Summary: To this end, to extract the egg net sister pictures of the way the picture link has actually been given out, the next will be followed by multithreading + multi-process way to download the picture.

Original start: http://www.tendcode.com/article/jiandan-meizi-spider/

Related Article

Contact Us

The content source of this page is from Internet, which doesn't represent Alibaba Cloud's opinion; products and services mentioned on that page don't have any relationship with Alibaba Cloud. If the content of the page makes you feel confusing, please write us an email, we will handle the problem within 5 days after receiving your email.

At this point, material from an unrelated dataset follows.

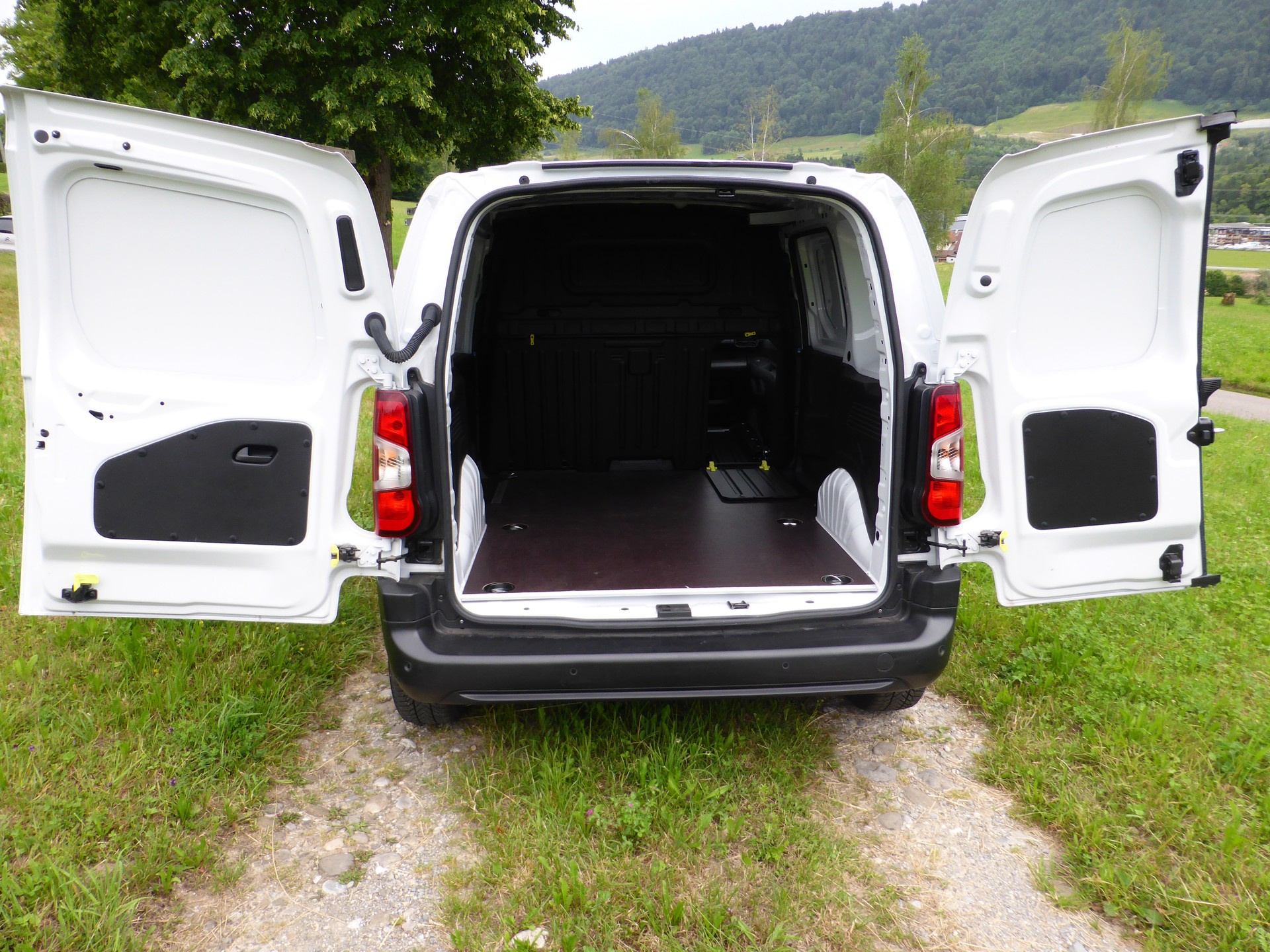 CITROEN Berlingo Van 1.5 Blue HDi 130 s/s Club EAT8 1000kg-image-7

If you find any instances of plagiarism from the community, please send an email to: info-contact@alibabacloud.com and provide relevant evidence. A staff member will contact you within 5 working days.

A Free Trial That Lets You Build Big!

Start building with 50+ products and up to 12 months usage for Elastic Compute Service

  • Sales Support

    1 on 1 presale consultation

  • After-Sales Support

    24/7 Technical Support 6 Free Tickets per Quarter Faster Response

  • Alibaba Cloud offers highly flexible support services tailored to meet your exact needs.